Entregado a este hecho, Jaime Ceballos (Iquique, 1959) sabe dar el paso al lenguaje poético en la plena necesidad de este, como nos muestra en Cruces de la memoria (Iquique: Campus, 2011). No es por capricho que elija la paradoja para la presentación de esa cotidiana imposibilidad que nos impone la memoria: la persistencia de lo que ya se ha ido, la presencia de lo ausente.

La verdad de la vida / Consiste en ocultar / La verdadera vida, dice en Estamos todos bien, que remite a la película de Giuseppe Tornatore Stanno tutti bene, que presenta la brutal distancia entre lo que se desea y lo que la realidad quiere dar de sí en el inevitable contraste entre la realidad social y política y el deseo personal. Esta distancia no puede expresarse mejor que en el retrato del crucificado de Tiempos modernos, que no logra remitirnos al trascendente hijo de un dios o a un símbolo de carácter universal, sino a un harto humano y presente hombre sufriente. Se nos presenta así como condición esencial este escándalo de la cruz que definiese Saulo de Tarso, el instante en que muerte y vida llegan a una mutua y desplegada revelación, ligada a un decir calmo y sin patetismo. Desde aquí es que Ceballos entiende lo social en su escritura, desde lo inefable de la experiencia que no puede sino expresarse por procedimientos poéticos que sepan preservar su escándalo -su descalce profundo- ante una vida cotidiana que presenta la falacia de su sencillez.
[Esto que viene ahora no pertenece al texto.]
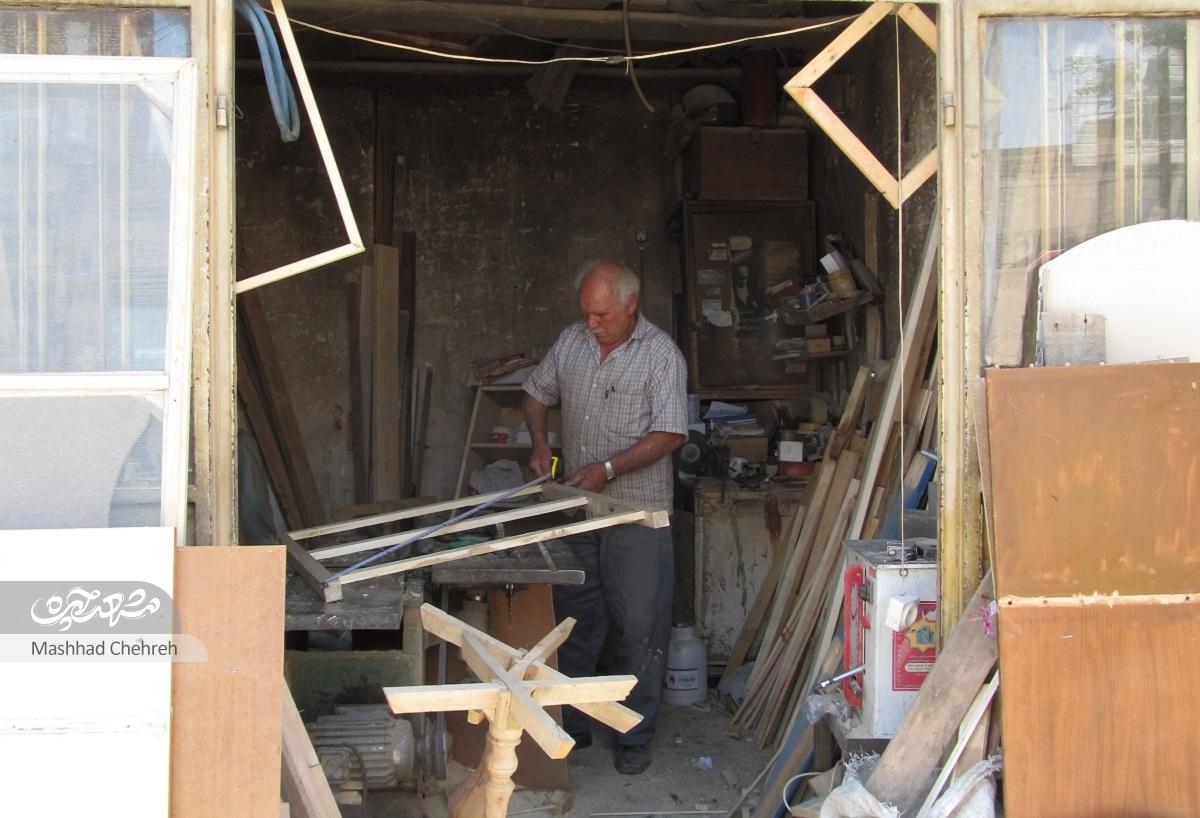 نردبانساز قدیمی مشهد: چوب جریان زندگی دارد نردبانساز قدیمی مشهد: چوب جریان زندگی دارد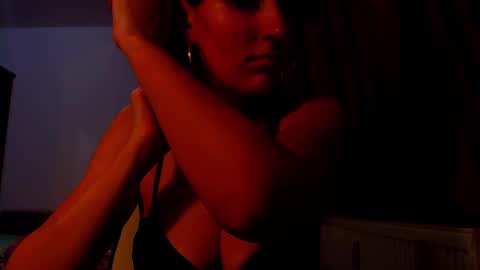 amy        online show from January 27, 2025, 9:22 pm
Esta paradoja trae en sí un dolor que se da como una marca física e histórica, que hace eco de una geografía y una relación social determinada. El espacio abierto y seco del Norte Grande, que enfrenta a lo humano desde su diferencia radical -y su propia paradoja: su amplitud invitante que bien sabe de encierros-, alimenta la visión del autor y el programa de su obra. Es lo que veo en varios trechos de su escritura como artes poéticas, actos de situación de la conciencia lírica: como en el tercer fragmento del poema Doña Franca:

Ya es noviembre
Y el sol duele como siempre

Me veo raspando coronas de metal
Hablando de la vida y de la muerte

Como un pequeño duende a tu siga
Recorriendo viejas tumbas
-Cruces de la memoria-

La vida resuena en cada árbol
Que crece ante mis ojos.

Y en Territorio de ausencias:

Él vuelve al sitio en que no lo espera nadie
Él mira los muros derruidos
Está su casa tomada por la broma
Su casa de piedra, su pozo de los sueños

Él sale a divagar
por los cementerios de su alma.

Hacerse cargo de esta permanente conjunción de la vida y la muerte, por cierto, implica una opción ética difícil, dada la cuestión de la legitimidad de la voz poética ante la violencia de la realidad social e histórica. El entorno desde el que Ceballos escribe Inútiles las palabras, que indica a la dictadura y la impunidad del crimen, muestra con claridad que la decisión lleva en sí todo el peso de la conciencia:

Mis papeles me avergüenzan
Pongo mi silencio por testigo.

Es así como este habitar sobresaltado en el lenguaje que encubre el procedimiento de la paradoja muestra su necesidad. Mientras la vida personal y afectiva da aun para la expresión del vínculo esencial entre la voz y la sociabilidad íntima -notorio en su poética de amor familiar y erótico-, Ceballos revela sin cesar el último confín de su escritura, la imposibilidad de nombrar y definir la vida en su dimensión más plena. Esta revelación final -apocalipsis en su sentido más preciso- es notoria y eficaz cuando ilumina la grieta entre lo que se desea decir y el instrumento inhábil que resulta ser al fin el lenguaje humano:

Esto es definitivo:
No tengo vocación de vividor
Es un simulacro el existir
 

De tanto ver morir
Se ve la vida

En la mejor herencia de la así llamada “antipoesía” de N. Parra, Jaime Ceballos sabe alejarse del humor facilista y llevar al lenguaje al límite de su rendimiento lírico, al ponerlo críticamente frente a sus propias posibilidades expresivas.